SUPPLIED DATA:
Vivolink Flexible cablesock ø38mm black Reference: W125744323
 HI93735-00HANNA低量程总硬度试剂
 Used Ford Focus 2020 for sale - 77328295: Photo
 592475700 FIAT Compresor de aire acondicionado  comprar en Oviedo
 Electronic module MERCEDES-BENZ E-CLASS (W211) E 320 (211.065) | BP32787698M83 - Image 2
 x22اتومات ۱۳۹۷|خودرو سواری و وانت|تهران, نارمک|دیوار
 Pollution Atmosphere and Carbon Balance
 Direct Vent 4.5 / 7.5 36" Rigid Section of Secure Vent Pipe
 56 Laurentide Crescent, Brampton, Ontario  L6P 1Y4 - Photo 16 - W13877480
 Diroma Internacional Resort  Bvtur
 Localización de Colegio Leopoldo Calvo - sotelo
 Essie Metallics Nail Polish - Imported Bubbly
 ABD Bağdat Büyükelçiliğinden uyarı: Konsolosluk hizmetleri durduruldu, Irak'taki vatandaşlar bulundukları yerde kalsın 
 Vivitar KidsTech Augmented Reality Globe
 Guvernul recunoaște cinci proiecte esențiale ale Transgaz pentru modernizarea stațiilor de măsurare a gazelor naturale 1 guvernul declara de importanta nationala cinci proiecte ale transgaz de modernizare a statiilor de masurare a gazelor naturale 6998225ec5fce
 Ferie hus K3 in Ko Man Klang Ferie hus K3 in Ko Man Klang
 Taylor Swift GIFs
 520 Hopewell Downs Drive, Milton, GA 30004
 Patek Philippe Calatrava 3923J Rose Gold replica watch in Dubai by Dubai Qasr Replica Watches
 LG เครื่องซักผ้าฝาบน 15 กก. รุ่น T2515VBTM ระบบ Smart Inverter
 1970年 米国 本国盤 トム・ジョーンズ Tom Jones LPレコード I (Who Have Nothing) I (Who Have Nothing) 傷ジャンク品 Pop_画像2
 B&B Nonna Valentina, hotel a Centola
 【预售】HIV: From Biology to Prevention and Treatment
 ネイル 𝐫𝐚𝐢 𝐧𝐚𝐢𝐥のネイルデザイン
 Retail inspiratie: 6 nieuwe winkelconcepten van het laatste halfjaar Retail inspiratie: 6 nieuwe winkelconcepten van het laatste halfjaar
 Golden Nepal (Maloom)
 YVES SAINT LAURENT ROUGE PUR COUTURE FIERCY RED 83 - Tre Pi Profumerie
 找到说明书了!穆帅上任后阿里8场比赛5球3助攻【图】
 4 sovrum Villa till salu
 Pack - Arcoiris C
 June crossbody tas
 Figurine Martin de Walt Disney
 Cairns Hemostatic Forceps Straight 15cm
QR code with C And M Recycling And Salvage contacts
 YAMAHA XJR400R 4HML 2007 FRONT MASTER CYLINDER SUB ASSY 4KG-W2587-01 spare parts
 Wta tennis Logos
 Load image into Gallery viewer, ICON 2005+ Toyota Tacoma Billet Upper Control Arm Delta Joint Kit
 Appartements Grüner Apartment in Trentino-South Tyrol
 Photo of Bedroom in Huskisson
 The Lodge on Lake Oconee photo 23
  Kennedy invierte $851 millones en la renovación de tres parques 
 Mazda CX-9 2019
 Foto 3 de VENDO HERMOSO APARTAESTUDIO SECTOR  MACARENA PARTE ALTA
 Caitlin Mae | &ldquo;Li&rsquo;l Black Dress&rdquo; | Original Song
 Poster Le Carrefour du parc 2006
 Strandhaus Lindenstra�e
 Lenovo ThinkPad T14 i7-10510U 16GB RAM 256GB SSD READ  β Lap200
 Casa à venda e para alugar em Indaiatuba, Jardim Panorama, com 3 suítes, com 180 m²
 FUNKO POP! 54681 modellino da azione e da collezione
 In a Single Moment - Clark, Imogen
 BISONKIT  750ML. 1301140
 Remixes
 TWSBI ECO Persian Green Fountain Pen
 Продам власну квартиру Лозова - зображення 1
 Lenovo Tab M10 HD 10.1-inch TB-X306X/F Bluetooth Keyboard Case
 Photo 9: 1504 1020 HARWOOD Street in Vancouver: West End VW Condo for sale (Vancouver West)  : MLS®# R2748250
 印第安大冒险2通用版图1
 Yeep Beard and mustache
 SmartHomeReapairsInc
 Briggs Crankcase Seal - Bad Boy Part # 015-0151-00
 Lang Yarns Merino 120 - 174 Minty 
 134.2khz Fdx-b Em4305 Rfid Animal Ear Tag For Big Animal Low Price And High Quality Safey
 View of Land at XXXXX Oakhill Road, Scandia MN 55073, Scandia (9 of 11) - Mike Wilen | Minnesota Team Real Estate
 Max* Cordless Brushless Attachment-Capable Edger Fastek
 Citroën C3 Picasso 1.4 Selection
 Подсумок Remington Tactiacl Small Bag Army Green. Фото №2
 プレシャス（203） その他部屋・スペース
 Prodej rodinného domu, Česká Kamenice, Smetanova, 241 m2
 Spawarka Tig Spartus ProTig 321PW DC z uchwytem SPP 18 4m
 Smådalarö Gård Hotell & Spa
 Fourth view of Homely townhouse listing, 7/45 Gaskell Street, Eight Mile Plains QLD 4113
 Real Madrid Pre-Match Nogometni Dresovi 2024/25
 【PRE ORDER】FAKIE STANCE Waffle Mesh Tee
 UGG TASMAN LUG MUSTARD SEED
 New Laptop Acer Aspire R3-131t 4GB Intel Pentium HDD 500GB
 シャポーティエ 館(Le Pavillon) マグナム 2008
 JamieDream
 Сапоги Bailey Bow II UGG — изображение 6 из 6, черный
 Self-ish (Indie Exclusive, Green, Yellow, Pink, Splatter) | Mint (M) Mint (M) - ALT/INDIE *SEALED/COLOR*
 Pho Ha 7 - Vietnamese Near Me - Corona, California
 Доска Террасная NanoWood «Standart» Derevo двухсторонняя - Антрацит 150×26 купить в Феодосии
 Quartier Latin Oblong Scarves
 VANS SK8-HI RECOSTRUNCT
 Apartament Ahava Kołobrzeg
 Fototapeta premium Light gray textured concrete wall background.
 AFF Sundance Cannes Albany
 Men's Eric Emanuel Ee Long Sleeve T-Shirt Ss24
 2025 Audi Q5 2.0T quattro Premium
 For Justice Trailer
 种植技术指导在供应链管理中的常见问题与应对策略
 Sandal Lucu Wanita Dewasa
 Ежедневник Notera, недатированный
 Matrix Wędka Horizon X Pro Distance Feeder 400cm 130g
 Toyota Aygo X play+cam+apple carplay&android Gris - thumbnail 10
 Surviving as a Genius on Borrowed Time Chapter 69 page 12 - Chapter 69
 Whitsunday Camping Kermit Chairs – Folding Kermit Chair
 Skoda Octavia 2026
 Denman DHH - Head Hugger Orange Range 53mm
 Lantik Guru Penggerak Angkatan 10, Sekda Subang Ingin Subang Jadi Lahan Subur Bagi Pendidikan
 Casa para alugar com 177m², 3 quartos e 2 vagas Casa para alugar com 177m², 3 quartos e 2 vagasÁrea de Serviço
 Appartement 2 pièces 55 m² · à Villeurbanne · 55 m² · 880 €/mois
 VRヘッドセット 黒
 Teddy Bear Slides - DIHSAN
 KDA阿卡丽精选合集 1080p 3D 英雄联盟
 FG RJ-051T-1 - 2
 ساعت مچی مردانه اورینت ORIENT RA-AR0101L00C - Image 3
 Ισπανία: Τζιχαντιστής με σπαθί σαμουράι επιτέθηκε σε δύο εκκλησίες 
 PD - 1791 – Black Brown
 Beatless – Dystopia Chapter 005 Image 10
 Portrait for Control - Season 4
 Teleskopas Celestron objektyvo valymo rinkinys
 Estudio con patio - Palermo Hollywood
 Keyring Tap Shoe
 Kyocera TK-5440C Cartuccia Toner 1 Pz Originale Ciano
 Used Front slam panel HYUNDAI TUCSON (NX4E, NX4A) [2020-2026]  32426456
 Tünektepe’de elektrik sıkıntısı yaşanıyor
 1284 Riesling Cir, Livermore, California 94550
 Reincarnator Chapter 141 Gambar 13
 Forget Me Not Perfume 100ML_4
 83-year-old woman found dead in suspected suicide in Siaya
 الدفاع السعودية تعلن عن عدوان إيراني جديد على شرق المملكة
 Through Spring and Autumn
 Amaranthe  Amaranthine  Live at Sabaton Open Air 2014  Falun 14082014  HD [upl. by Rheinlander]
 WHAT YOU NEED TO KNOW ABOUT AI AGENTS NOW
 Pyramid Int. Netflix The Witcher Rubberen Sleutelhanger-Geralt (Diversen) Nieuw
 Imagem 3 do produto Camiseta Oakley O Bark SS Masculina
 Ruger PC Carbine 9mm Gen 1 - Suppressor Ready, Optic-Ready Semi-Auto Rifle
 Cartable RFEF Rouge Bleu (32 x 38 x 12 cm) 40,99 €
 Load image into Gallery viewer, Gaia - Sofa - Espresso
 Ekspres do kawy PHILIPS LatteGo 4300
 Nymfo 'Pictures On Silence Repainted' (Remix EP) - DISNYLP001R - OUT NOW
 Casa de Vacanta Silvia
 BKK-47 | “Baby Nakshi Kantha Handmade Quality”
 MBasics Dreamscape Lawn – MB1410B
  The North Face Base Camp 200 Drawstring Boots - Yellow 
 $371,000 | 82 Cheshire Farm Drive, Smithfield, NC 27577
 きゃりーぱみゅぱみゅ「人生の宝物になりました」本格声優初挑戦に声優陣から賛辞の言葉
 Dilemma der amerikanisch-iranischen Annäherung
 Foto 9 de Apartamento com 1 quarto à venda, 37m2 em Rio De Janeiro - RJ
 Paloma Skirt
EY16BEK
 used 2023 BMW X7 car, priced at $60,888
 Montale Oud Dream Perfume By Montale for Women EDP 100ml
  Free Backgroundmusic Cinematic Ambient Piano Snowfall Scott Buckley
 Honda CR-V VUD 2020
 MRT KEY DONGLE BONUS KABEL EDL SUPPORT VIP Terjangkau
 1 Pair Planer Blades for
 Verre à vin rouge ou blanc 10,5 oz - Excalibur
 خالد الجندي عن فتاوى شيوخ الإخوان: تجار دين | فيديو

TASK: Each line from the one containing "Load image into Gallery viewer, Gaia" through the last line of the material must be restated word for word, with no other text.

EXERCISE SOLUTION:
 Load image into Gallery viewer, Gaia - Sofa - Espresso
 Ekspres do kawy PHILIPS LatteGo 4300
 Nymfo 'Pictures On Silence Repainted' (Remix EP) - DISNYLP001R - OUT NOW
 Casa de Vacanta Silvia
 BKK-47 | “Baby Nakshi Kantha Handmade Quality”
 MBasics Dreamscape Lawn – MB1410B
  The North Face Base Camp 200 Drawstring Boots - Yellow 
 $371,000 | 82 Cheshire Farm Drive, Smithfield, NC 27577
 きゃりーぱみゅぱみゅ「人生の宝物になりました」本格声優初挑戦に声優陣から賛辞の言葉
 Dilemma der amerikanisch-iranischen Annäherung
 Foto 9 de Apartamento com 1 quarto à venda, 37m2 em Rio De Janeiro - RJ
 Paloma Skirt
EY16BEK
 used 2023 BMW X7 car, priced at $60,888
 Montale Oud Dream Perfume By Montale for Women EDP 100ml
  Free Backgroundmusic Cinematic Ambient Piano Snowfall Scott Buckley
 Honda CR-V VUD 2020
 MRT KEY DONGLE BONUS KABEL EDL SUPPORT VIP Terjangkau
 1 Pair Planer Blades for
 Verre à vin rouge ou blanc 10,5 oz - Excalibur
 خالد الجندي عن فتاوى شيوخ الإخوان: تجار دين | فيديو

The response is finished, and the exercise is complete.